Abstenção vermelha

Publicado no Jornal Correio de Uberlândia em 27/10/2016

Um fenômeno paradoxal paira sobre o cenário político atual, se por um lado nunca o envolvimento popular foi tão expressivo evidenciado nas manifestações a favor e contra ao impeachment que marcaram o noticiário político no ano, por outro lado as eleições apontaram a menor adesão e envolvimento popular da história, que redundou num volume de abstenções somado a votos brancos e nulos recordes no país.

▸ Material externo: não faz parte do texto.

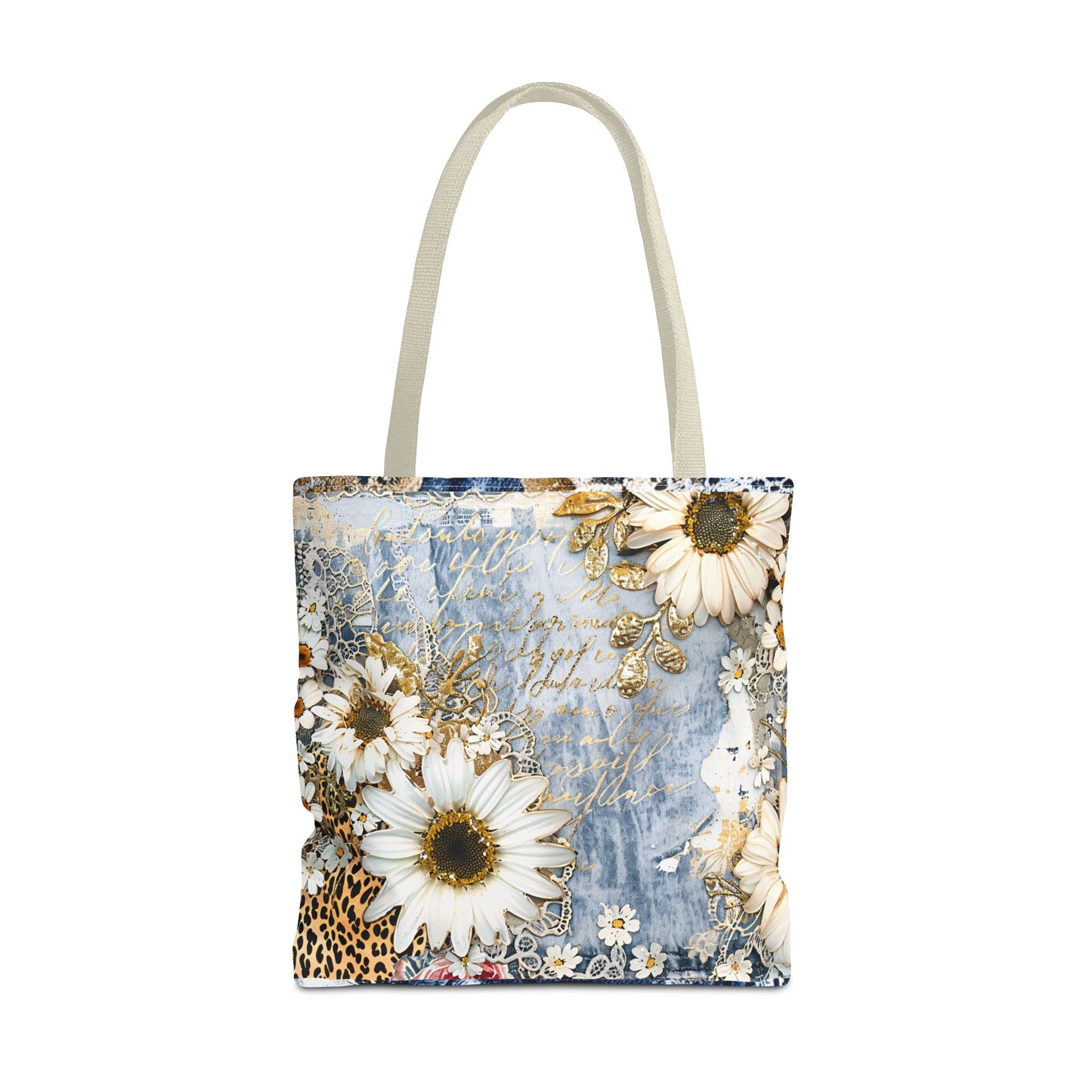Chic Floral (Daisies and Sunflowers) Tote Bag with Leopard, Denim, and Lace Print - Stylish Everyday Accessory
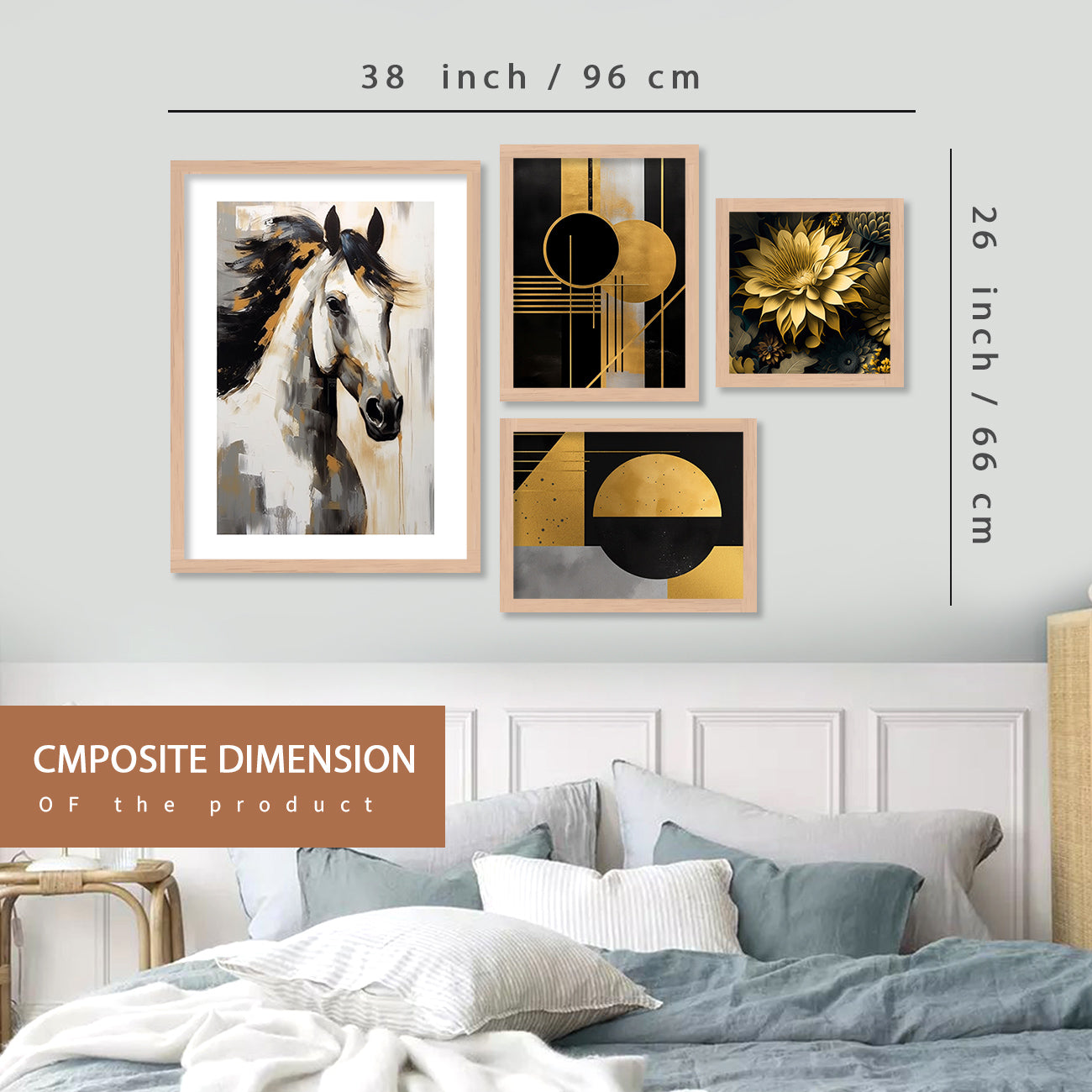 Horse Art Painting with Frame for Living Room Bedroom Office Wall Decor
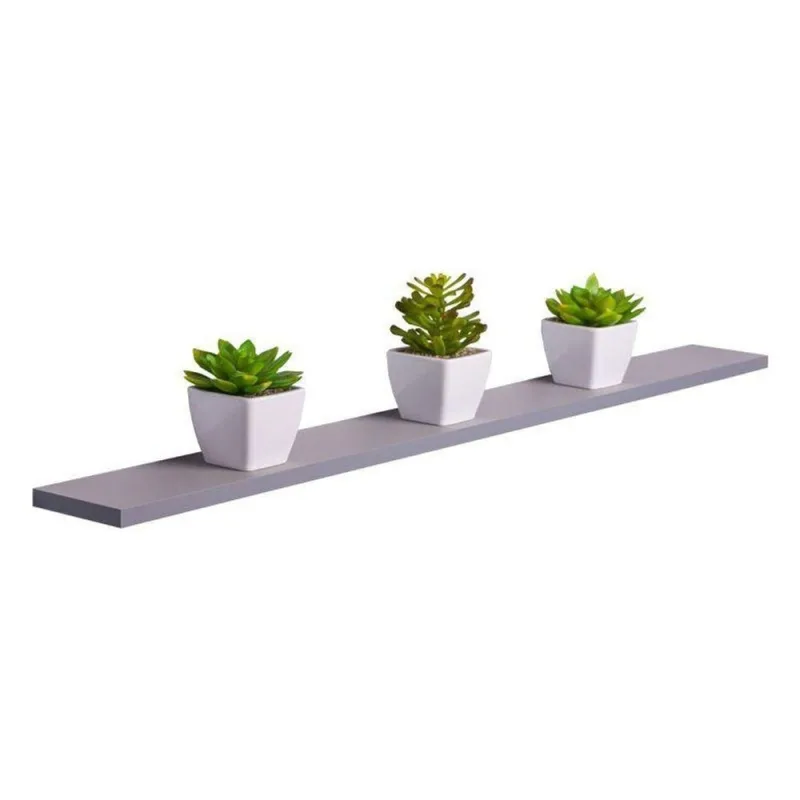 Prateleira Crie Fácil 80X10CM MDP Fixação Suporte Invisível Organizador Sala Cinza Claro - OUTRAS - Agro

Análises pobres vinculam a presente crise ética da política brasileira ao baixo envolvimento da população nas campanhas e aponta o PT como o principal herdeiro deste nefasto legado, afirmar isto, nada mais é do que contrapor estes três fenômenos distintos e auferir causalidade entre eles, diante disso, deve-se apontar algumas evidências.
 
Primeiro, o alto nível de abstenções, brancos e nulos, não significa em linhas gerais um baixo envolvimento da população com a política, mas sim com as eleições, são fenômenos distintos que dá evidências de que o mesmo eleitor que se abstém de escolher uma das candidaturas, está simultaneamente mais exigente para com as ações dos políticos. Isto não significa, como dizem alguns o enfraquecimento da democracia, pelo contrário, o amadurecimento. Sendo este um fenômeno generalizado pelo país, isto enfraquece em muito a tese de que a solução para crise política brasileira perpassa por eleições gerais, mas sim pelo fortalecimento institucional.
 
Uma segunda observação, é que o alto nível de abstenções, brancos e nulos nestas eleições, se deu pela crise ética vigente que desanimaram o eleitor. Esta é uma meia verdade, houveram no passado escândalos de corrupção tão hediondos como os de agora e isto não afastou, no passado, o eleitor da urna. Mais do que isto, auferir esta causalidade ao fiasco do PT nas urnas é desconsiderar que partidos tão atingidos pelas investigações da Lava Jato como PMDB e PP cresceram sua votação.
 
Considerando com isto, o universo de eleitores e o histórico das votações que apontam os votos ideológicos, sendo 30% de esquerda e 30% de direita, o que não significa que sejam respectivamente petistas ou tucanos, considero aqui como eleitor de esquerda todo aquele que não vota em nenhuma hipótese em candidatos que representem projetos de direita e vice e versa. Além destes há aproximadamente 40% que não se posiciona ideologicamente, votam com o momento e, em geral são estes eleitores que definem o resultado da eleição.
 
Ao longo da década de 90, este eleitor de centro pendeu para a direita, já em 2000 para a esquerda, em 2014 se dividiu na mais apertada eleição que já se assistiu e por uma pequena margem venceu a esquerda. Venceu mas perdeu a credibilidade por ganhar a eleição com um projeto inviável, em linhas gerais, o projeto nacional desenvolvimentista que foi um fracasso em outros momentos da história, pela primeira vez foi identificado como pertencente à esquerda que perdeu o seu discurso.

 

 
A partir daí o eleitor de centro voltou a pender pra direita, vide o crescimento do PSDB, no entanto, é plausível crer que a esquerda (PT e outros) tiveram somados um resultado menor do que seus históricos 30%, em geral ficaram abaixo de 20%, o que significa que parte deste crescimento das abstenções é nitidamente vermelha, e a culpa não é da corrupção, mas sim da orfandade programática de um eleitor que deixou de ser representado por seus representantes histórico e pelo fracasso de seu projeto.